Sin dalle prime battute cercai di non darle troppe informazioni sull'aspetto di Bonatti. La memoria è un meccanismo molto dinamico e non volevo influenzare il suo ricordo, sostituendo informazioni mie alle sue dimenticanze.
Incredibilmente venne fuori questa frase: "Beh, sono passati cinquant'anni quasi, ma ricordo che questo esploratore italiano era davvero affascinante. Non parlava benissimo l'inglese, ma si faceva capire senza problemi e trattava tutti allo stesso modo. Era molto umile e sorrideva. Una mia amica era davvero entusiasta della sua presenza, sebbene si sarebbe dovuta sposare a breve…". Il ritratto della personalità era chiaro. Mancava una descrizione fisica. "Era alto più o meno come te, fisicamente era atletico, aveva i capelli neri e sorrideva sempre". Le mostrai allora una foto. Senza nessun dubbio o aiuto da parte mia esclamò: "Ma certo Bonatti!!".

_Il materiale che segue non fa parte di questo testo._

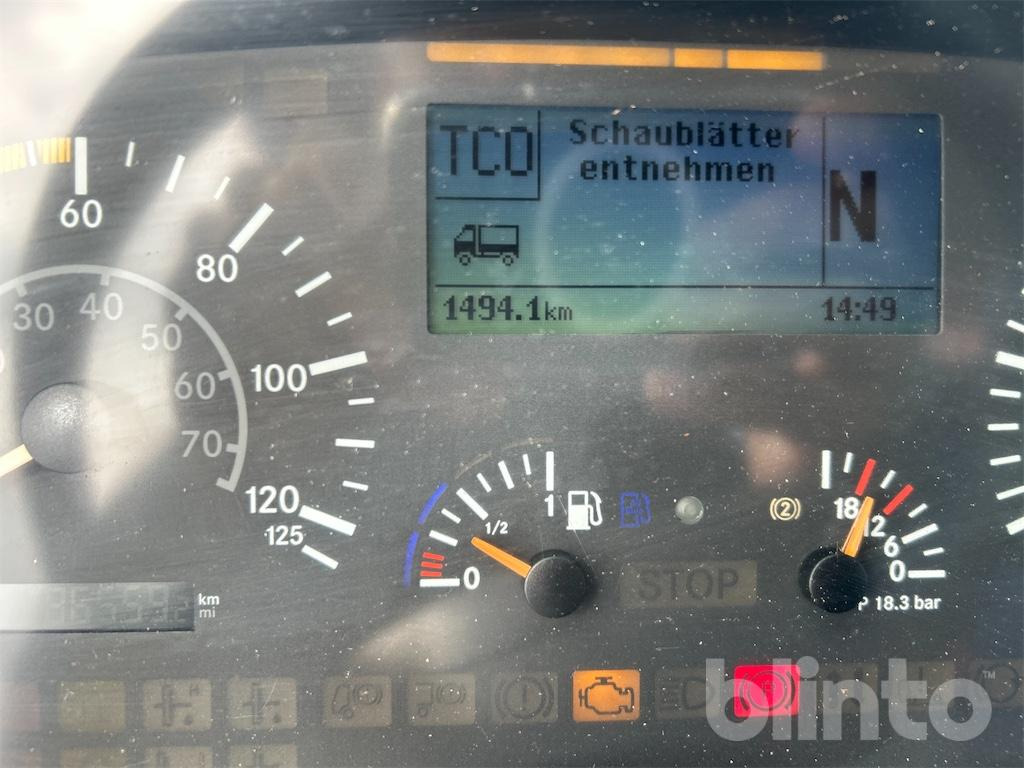 Truck Unimog U 300 mit MULAG Ausleger 2010: picture 7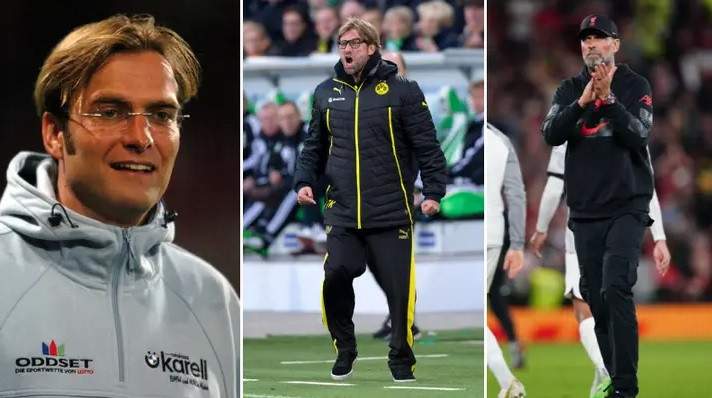 Klopp dính lời nguyền mùa thứ 7, Liverpool còn gặp ác mộng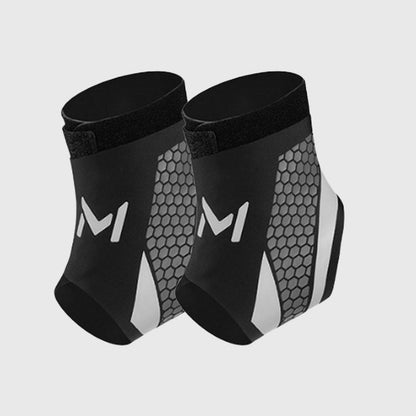 🦶 Lätt kompressionsstöd för fotleden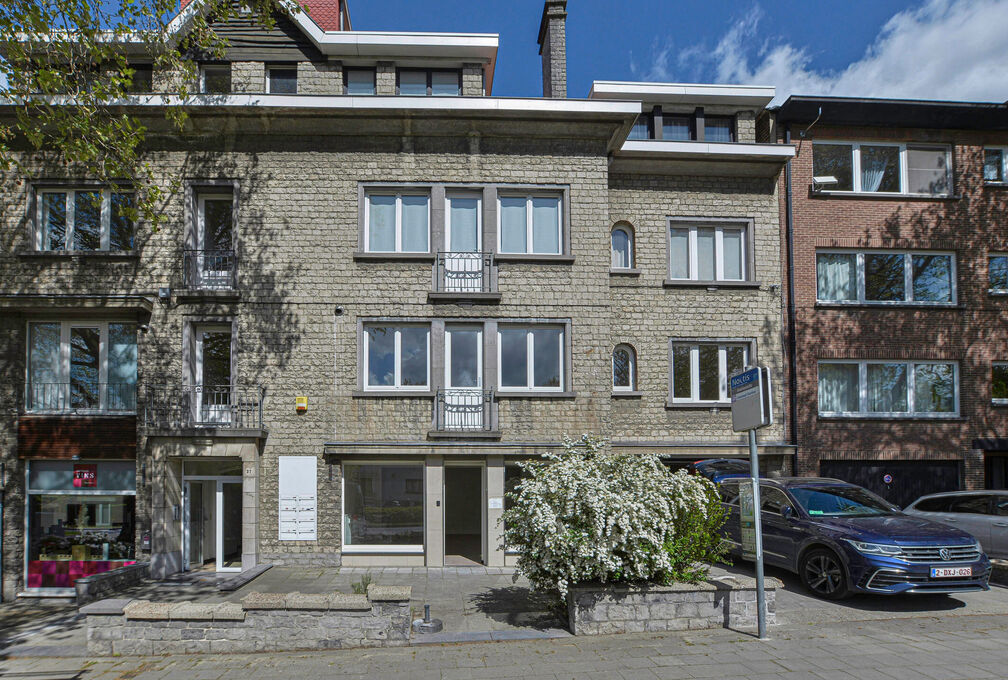 Individual shop for rent in Woluwe-Saint-Lambert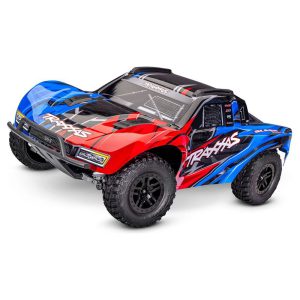 1/10 Traxxas Slash HD VX3 4WD Stadium Truck RTR Red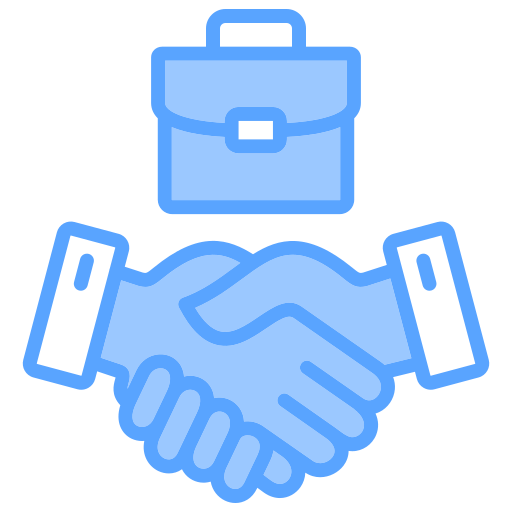 합의 무료 아이콘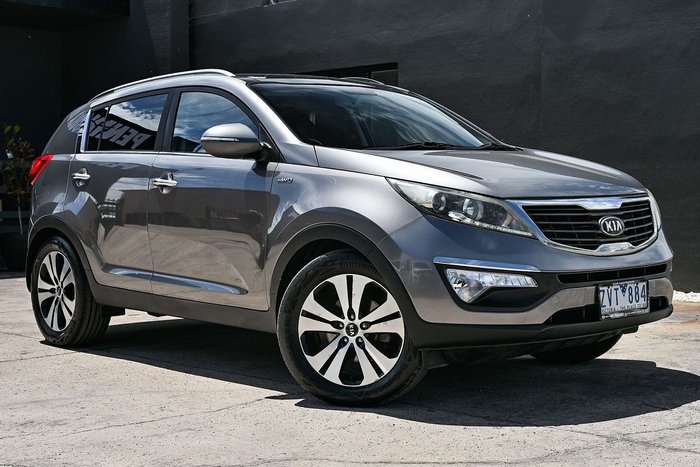 2013 Kia Sportage Platinum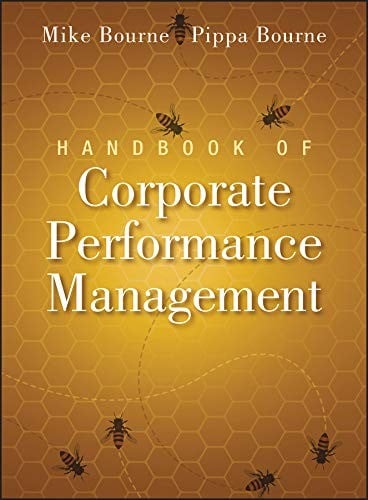 Handbook of corporate performance management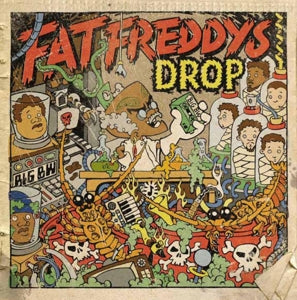 Fat Freddys Drop - Dr Boondigga And The Big Bw [CD]
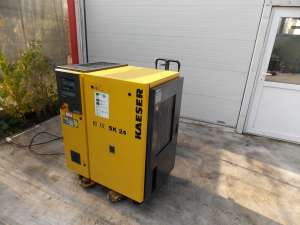 Compresor aer cu surub Kaeser SK 24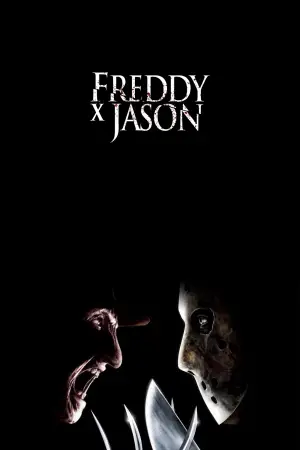 Poster to the movie "Freddy vs. Jason" #664732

Le raccontai allora la mia storia e quanto la sua testimonianza fosse importante per comporre un puzzle che richiederà ancora diversi mesi di lavoro. Essendo molto timida non ha voluto concedermi una foto, ma me ne ha promessa una via email.
Il mio lavoro per ora è terminato. L'anno prossimo, nello stesso periodo, ripeterò invece il viaggio di Bonatti tra Yukon e Porcupine, in canoa, da solo, per un documentario che ho cominciato a girare durante questo primo, emozionante, avvicinamento al Grande Nord.